SCOPE 3 CATEGORY 13
The GHG Protocol defines Scope 3 emissions as indirect emissions that occur outside of a company's own operations but are included in its value chain. These emissions are frequently the most difficult to calculate and manage due to their broad scope across various upstream and downstream activities. Category 13 focuses on "downstream leased assets," which are assets leased by the reporting company to another party and operated and controlled by the lessee.
"Downstream Leased Assets" as a category within Scope 3 emissions includes those assets that a company owns but leases to other parties, and the emissions resulting from the operation or use of these assets are accounted for under this category.

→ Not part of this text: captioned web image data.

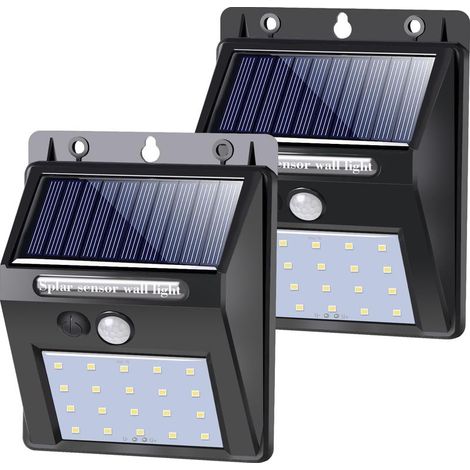 Solar-Außenleuchte, LED-Solarleuchte mit Bewegungssensor für die Gartenwanddekoration, kabellose Solarbeleuchtung, IP44 wasserdicht, 2er-Pack [Energieeffizienzklasse A++] (1/5)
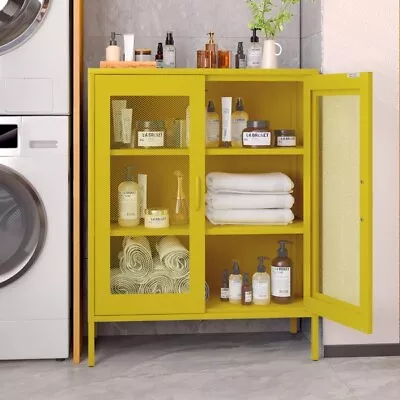 Metal Storage Cabinet With Mesh Doors Steel Display Cabinets • $180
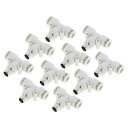 HEROFFIX プッシュ接続エア継手 6.4 mm Tタイプエアーラインクイックジョイント プラスチック 金属 3 mm BS-PT 10個 ホワイト シルバートーン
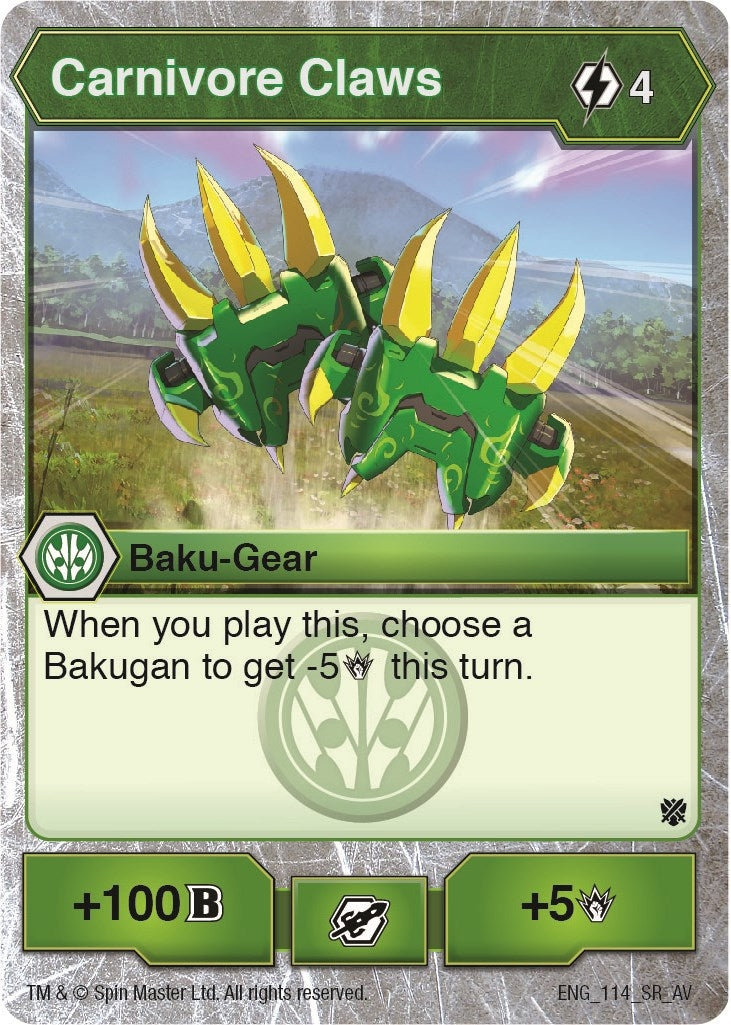 Image for Carnivore Claws (114) (Armored Elite) - Bakugan TCG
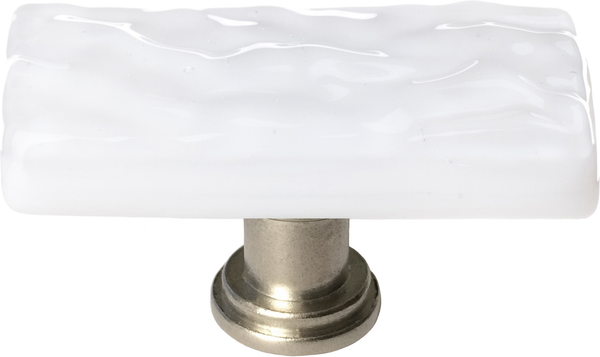 Skinny Glacier White Long Knob with Satin Nickel Base SLK_212-SN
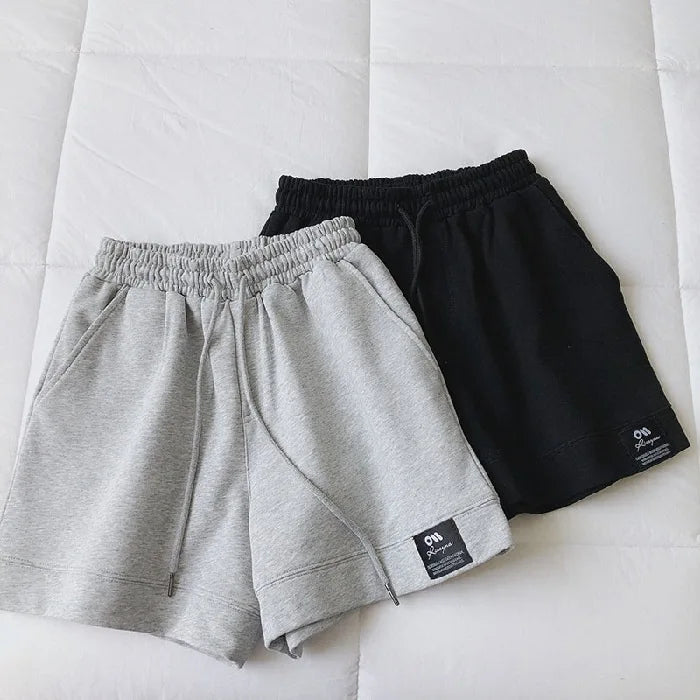 New Women High-Waist Wide-Leg Pants Couple's Sports Shorts Student Loose Home Pants Girls Casual Running Shorts Sexy high-waist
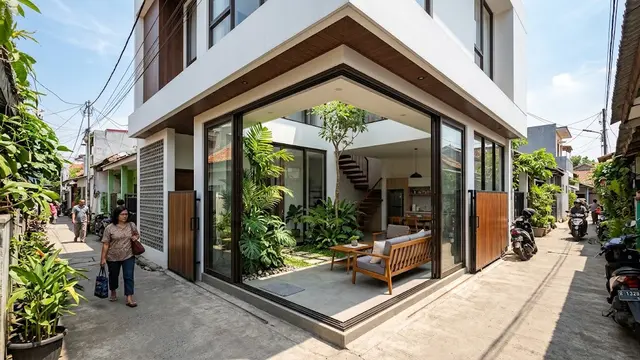 Model Rumah untuk Lahan Pojok Gang yang Tetap Terang dan Berangin (AI Generated)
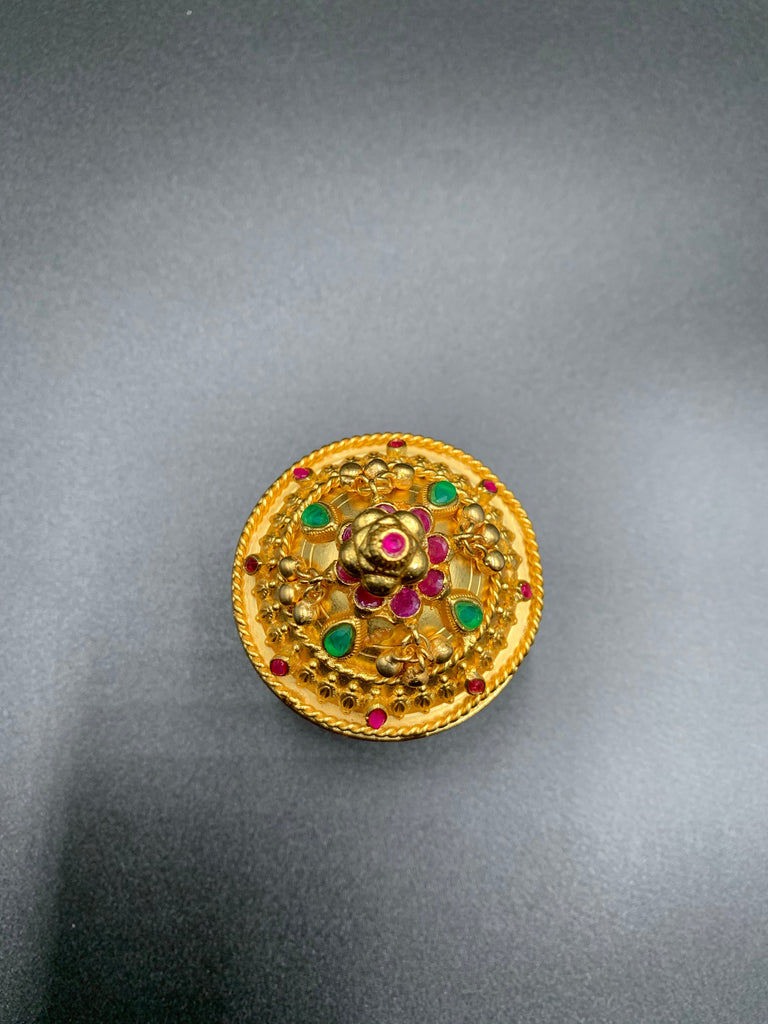Double stack multicolor stones kumkum and turmeric box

This is distinct from assets leased by the company from others, which would typically fall under Scope 3 Category 1 or Category 2, depending on whether they're upstream or downstream leased assets.
Category 13: Downstream Leased Assets
Calculation
The GHG Protocol provides detailed recommendations on how to account for emissions from leased assets based on the lease type (operational or financial) and control scenario. Emissions for downstream leased assets (assets leased by a corporation to others) are accounted for in Scope 3 where the lessor has no operational control over the asset. This can happen under operating leases, where the lessee assumes operational responsibility. However, the lessor retains financial control, thus the emissions from these assets are recorded under Scope 3.
Example
Understanding and managing Category 13 emissions necessitates thorough understanding of lease agreements and operational controls. This category emphasizes companies' larger responsibilities for managing GHG emissions throughout their value chain, outside their immediate operations.